Humble servant-leadership is not just listening to what people have to say, but using the information obtained to set priorities and reorder them when need be. It is this humility that allows the elected official to be true to the spirit of the democratic progress. It is this humility that allows the CEO to be true to their team and customers.
Recently, Rick Perry and his Republican cohorts have jumped on a quote from White's stump speech, making the (foolish) political calculation demanding an apology for a quote they don't understand will somehow help their campaign. The chief concern is White's use of the term "master" in describing Rick Perry.

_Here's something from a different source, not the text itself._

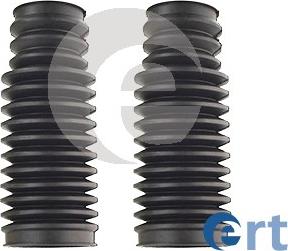 ERT 102068 - Bellow Set, steering car-mod.net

This story originally ran in a blog post on the Dallas Morning News, and reads as follows:
During remarks to a group of African-American leaders having lunch at a Dallas Luby's, Bill Whitesaid he wanted to be a servant of the people, while Gov. Rick Perrywanted to be something else.
"I'm here on a job interview," White said at the forum sponsored by state Rep. Barbara Mallory Caraway and The Elite News."We need a governor who's a servant, as opposed to Rick Perry, who wants to be treated as master."
Those comments were picked up by Talking Points Memo, among others. However, his remarks aren't particularly newsworthy. In fact, it's far from the first time Bill White has ever used the phrase. In addition to the video clip above, take a look at how Bill White has repeated this message for months:
“If a governor ever acts like he owns positions on state boards and commissions, and appointees are expected to serve his personal re-election agenda, then surely it is time to find a new governor. We need a governor who understands that he should serve as a humble servant rather than a demanding master."
“We need somebody who will be a servant and not think they are the master of the state,” White said.
Bill White believes in humble servant leadership - and he's going to talk about that to everyone, in front of everyone. Bob Moser of the Texas Observer touched on this aspect of Bill White's messaging shortly after the primary, and even wrote a column back in March titled, "Preach, Bill, Preach." I'll let Moser close out Part One; stay tuned for Part Two shortly.
You wouldn’t know it to listen to him, most of the time, but White does have a visionary streak. It famously surfaced in the summer of 2005, when Hurricane Katrina drowned New Orleans. Mayor White threw open his city to more than 250,000 refugees, galvanized more than 24,000 volunteers to help them, and told groups who’d booked conventions in Houston to take their money elsewhere. Suddenly, a city known for its cold-blooded capitalism was transformed into a national symbol of compassion. As he personally welcomed victims of the storm, White kept repeating a variation of Matthew 25:35: “For I was hungry and you gave me something to eat. I was thirsty and you gave me something to drink. I was a stranger and you invited me in.”
That’s the side of Bill White—the Methodist Sunday-school teacher side—that needs to emerge in this campaign. He’s running against a devilishly cunning politician who might not have a vision for Texas, but who sure as shootin’ conveys one. Perry’s version of “Texas values”—frontier-style individualism and up-by-your-bootstraps self-sufficiency—connects at a gut level with many Texans’ view of themselves.
White has flashed glimmers of an alternate vision that could effectively tap into Texans’ better angels. You could hear it in his victory speech on primary night when he said, “Our elected officials should be humble public servants, who use the power of the state to serve the people and not simply to perpetuate themselves in office.” You could hear it the week after the primary, when White went on Dallas’ AM gospel station, “Heaven 97,” and answered a question about how to reintegrate criminal offenders into the community thusly: “Remember the words of the scripture: ‘When I was hungry, you fed me; when I was naked, you clothed me; when I was in prison, you visited me.’ Right? It takes a lot of committed action from people to give people hope and regain a life. It’s not just a matter of a program; it’s also those of us reaching out to these offenders one-by-one and seeing that somebody’s made in the image of God.”